Three views of Colectivo Acciones de Arte’s (CADA) ¡Ay Sudamerica! (Oh South America!), 1981. Performance action over Santiago, Chile, July 12, 1981.

JBW: That was an important renaming. But merely as we demand to complicate the category of "art," let's also recollect that "activism" is not always progressive. It tin come from the reactionary Correct, and there is a developing visual civilisation effectually information technology—like the 2017 protests in Brazil in which virulently anti-queer, antifeminist demonstrators burned an effigy of Judith Butler.

MAL: Totally. That is very clear from some recent campaigns launched past religious and "pro-life" groups against ballgame and women's reproductive rights, such as representing in public space images of fetuses that are named as a "person" to construct a faux illustration between abortion and murder. The conservative Right knows how to use symbols and their furnishings in the production of the social body.

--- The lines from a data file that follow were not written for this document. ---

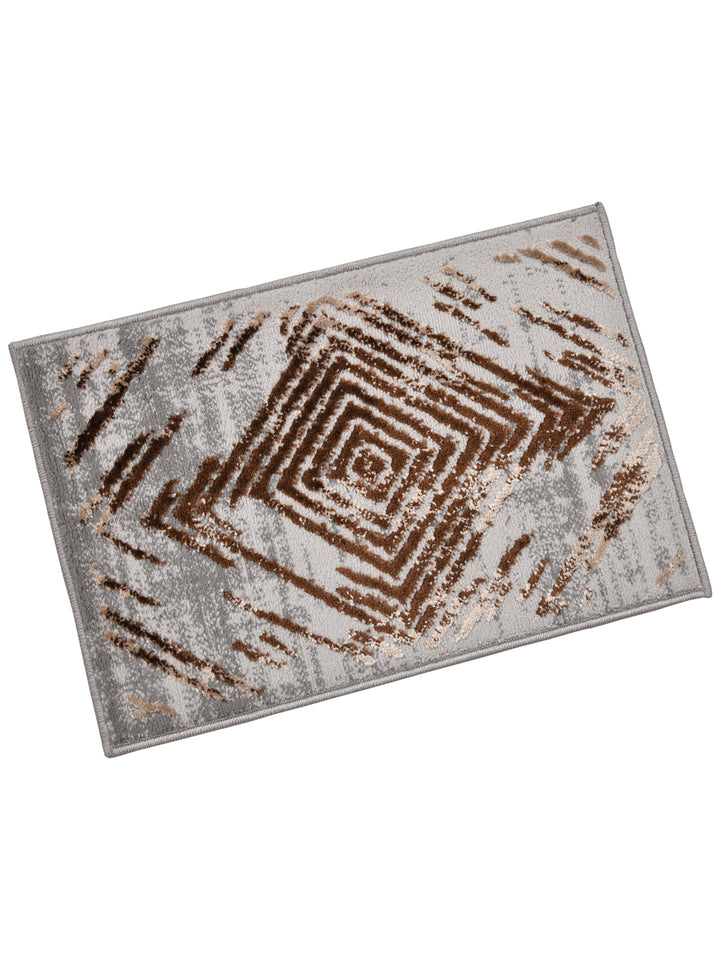 Doormat With Anti Skid Backing; 16x24 Inches; Grey Brown Abstract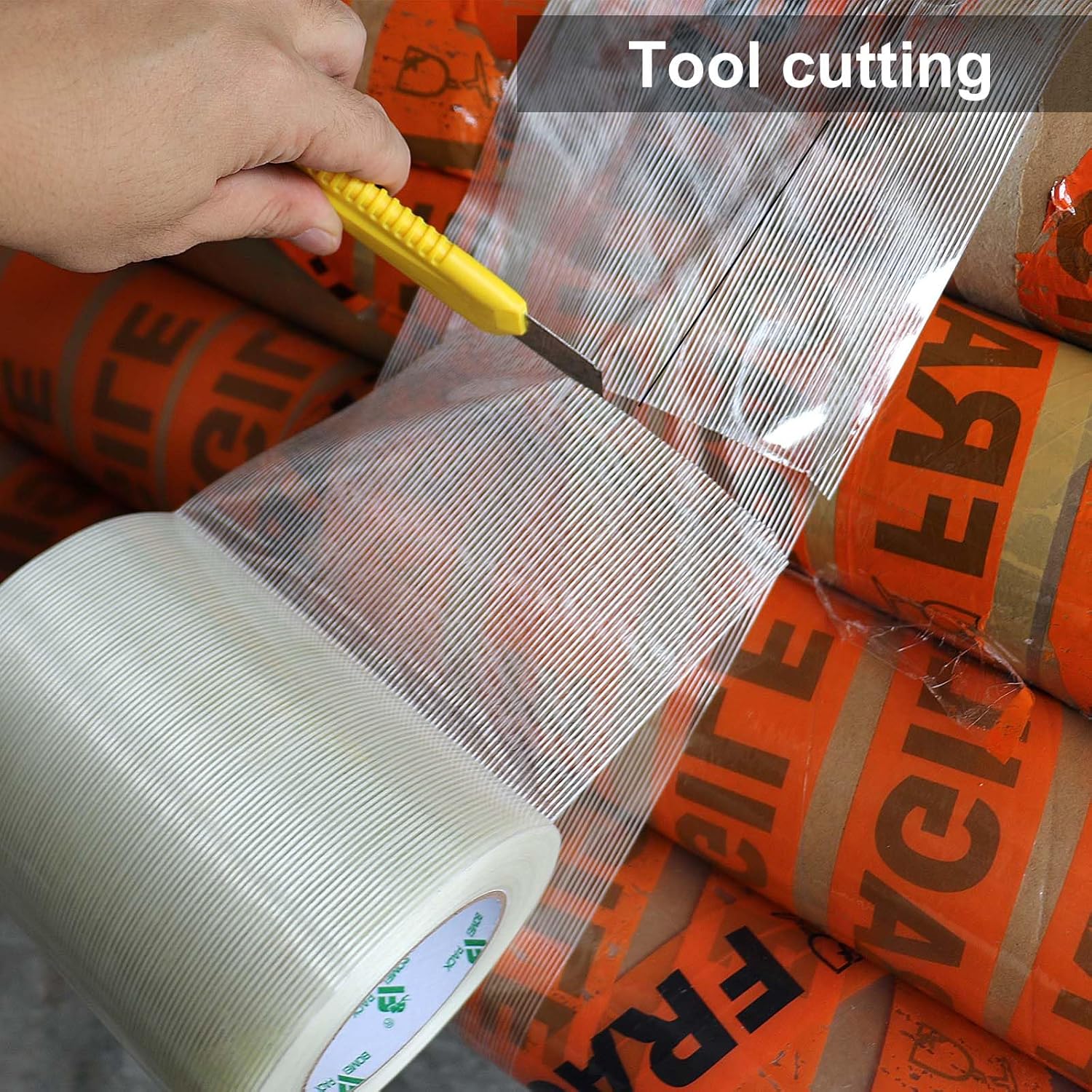 BOMEI PACK Wide Strapping Tape 6Inch, Heavy Duty Reinforced Packing Tape, Fiberglass Filament Tape 60yds 5.5Mil
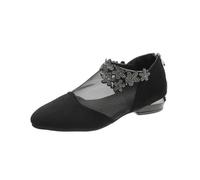 Chaussures pour femme - Élégantes - Nœuds tendance - Capuchon en cuir - Bottines épaisses avec fermeture éclair à l'arrière - Vêtements formels - Chaussures d'extérieur doublées, Noir , 40 EU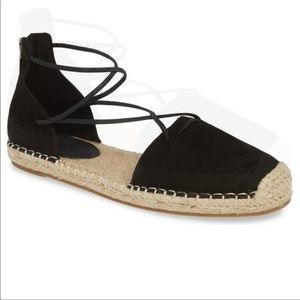Eileen Fisher Black Suede Strap Espadrilles Size 7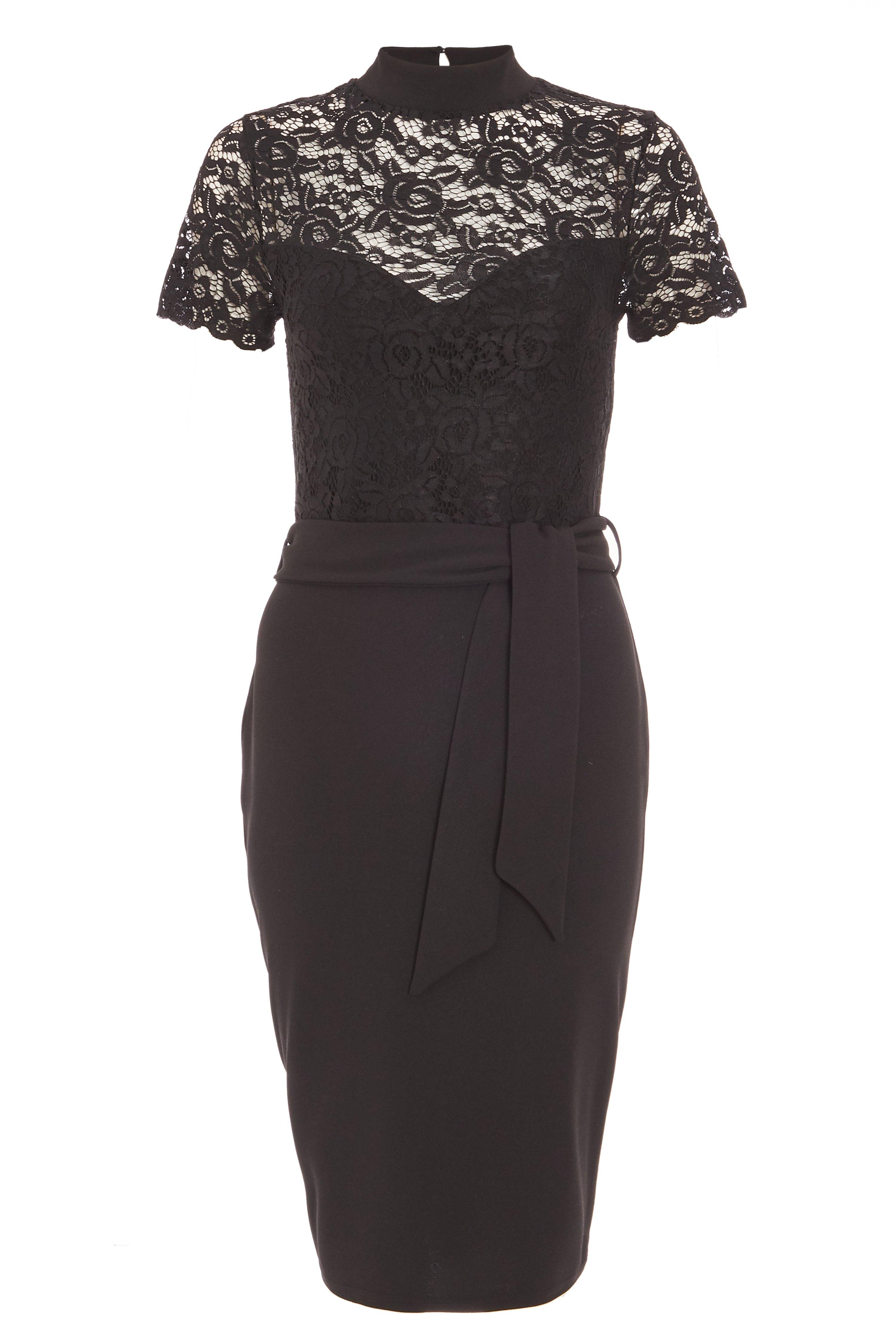 Black Lace Midi Dress - Quiz Clothing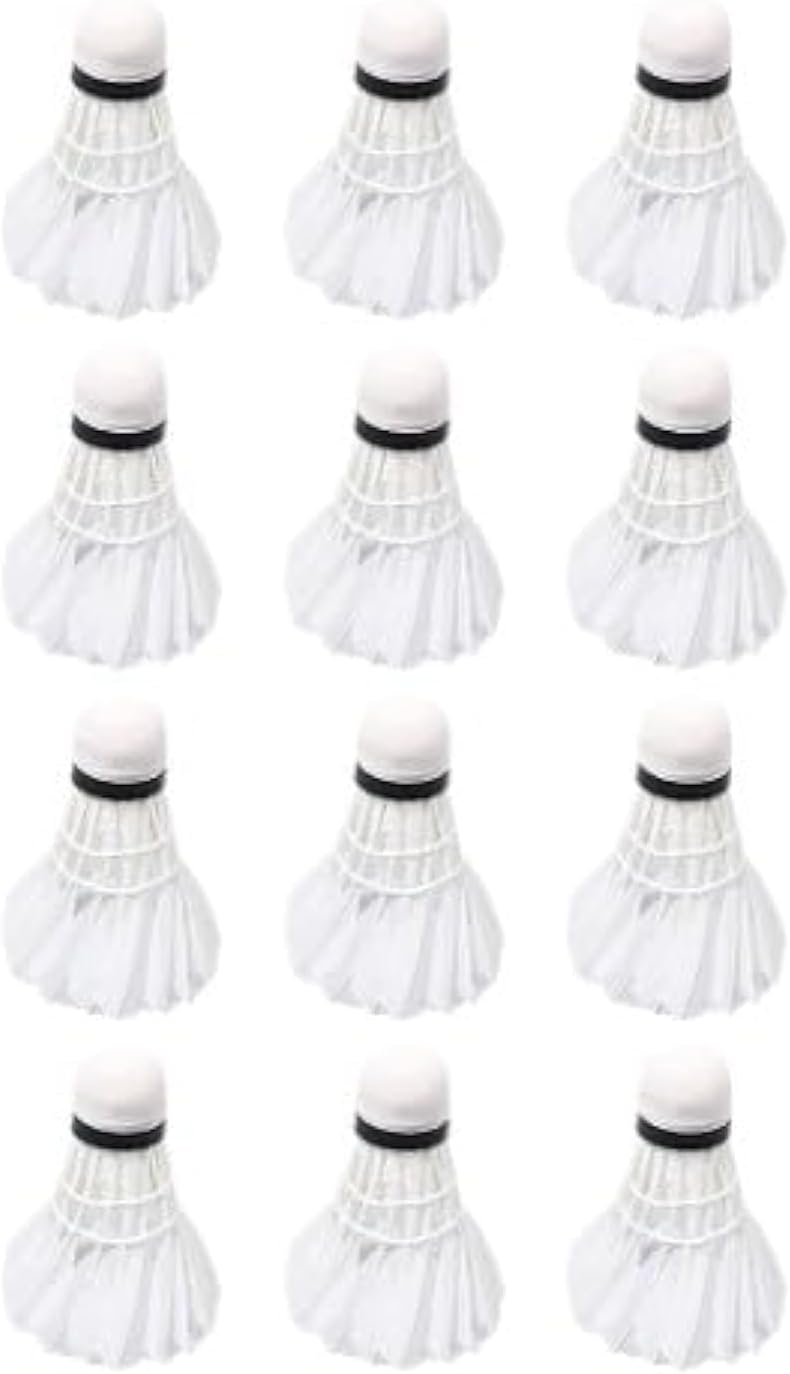 ECVV Shuttlecocks Goose Feather Badminton - Durable and Stable High Speed Shuttlecock Birdie Balls Set for Professional Training Or Family Outdoor Sports | 6 Pack |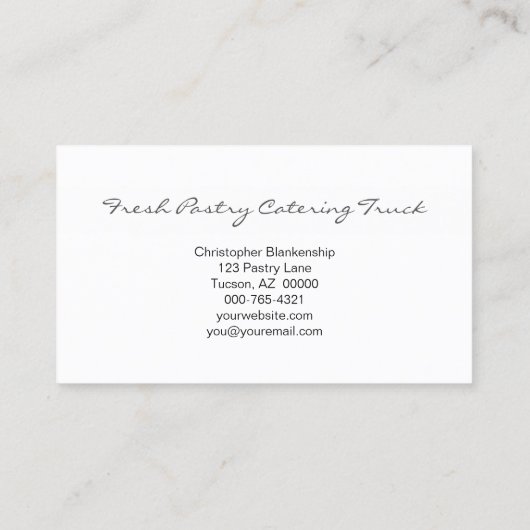 Colorful Custom Pastry Afbeelding Baker Foto Visitekaartje (Achterkant)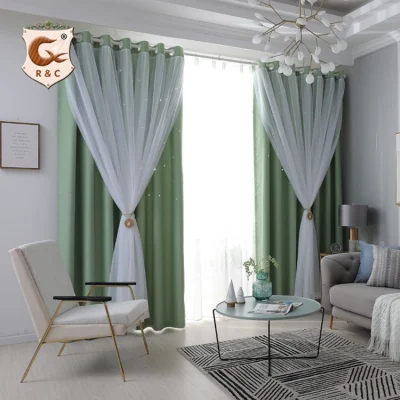 Модные термоплотные шторы с принтом звезды из фольги для спальни, готовые плотные оконные шторы для гостиной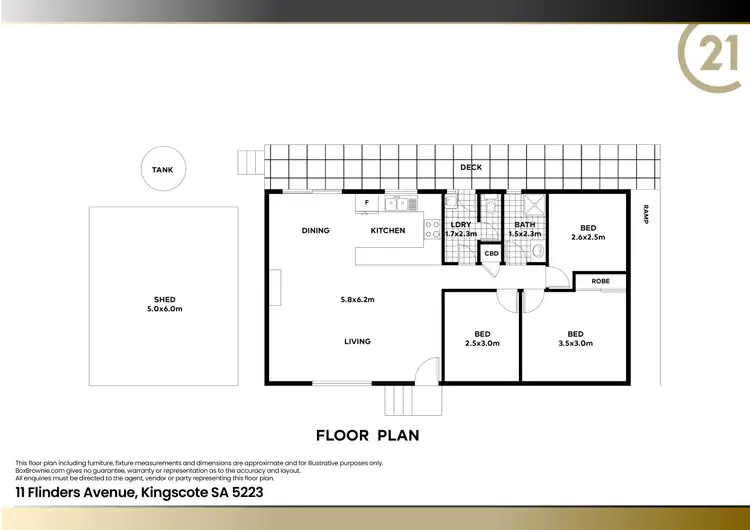 Floorplan of Homely house listing, 11 Flinders Avenue, Kingscote SA 5223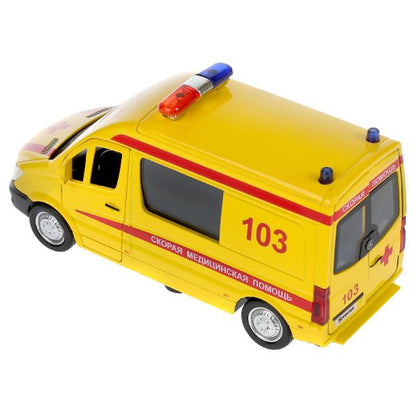 Машина "mercedes-benz sprinter реанимация" 14см, открыв. двери, инерц. в кор. Технопарк в кор.2*32шт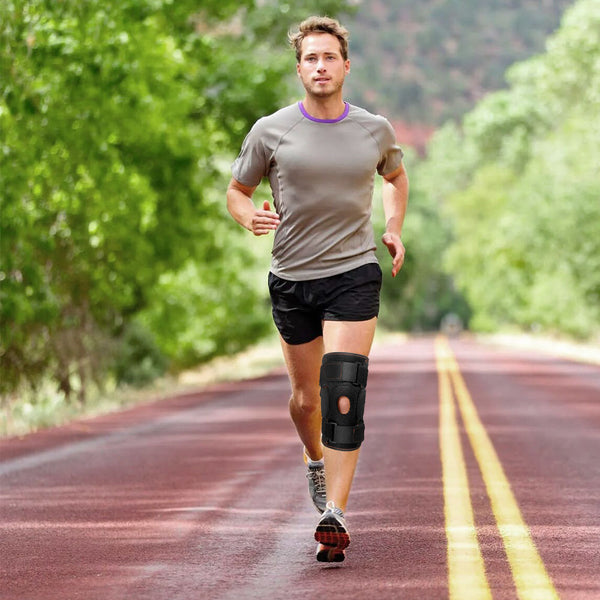 Fivali Hinged Knee Brace-KBF049-01-Orange-Running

Benvenuto Chavajay with his tattoo of Doroteo Guamuch’s photo ID at the newly renamed Estadio Nacional Doroteo Guamuch Flores, Guatemala City, 2016.

"Rosa Elena Paints" is on view at TEOR/éTica, San José, Costa Rica, though May eighteen. "Cecilia Vicuña: Nearly to Happen" is on view at the Henry Art Gallery, Seattle, though September 15. "Cecilia Vicuña: Seehearing the Enlightened Failure" will exist on view May 26–November 11 at the Witte de With, Rotterdam. "Histories of Women"and "Feminist Histories" will exist on view August 23–November 17 at the Museu de Arte de São Paulo.

Julia Bryan-Wilson is the Doris and Clarence Malo Professor of Mod and Contemporary Art at the University of California, Berkeley, and an adjunct curator at the Museu de arte de São Paulo. She is a 2019–xx Guggenheim fellow.

Miguel A. López is codirector and principal curator of TEOR/éTica, San José, Costa Rica. He is the author of Ficciones disidentes en la tierra de la misoginia (Dissident fictions in the country of misogyny; Pesopluma, 2019).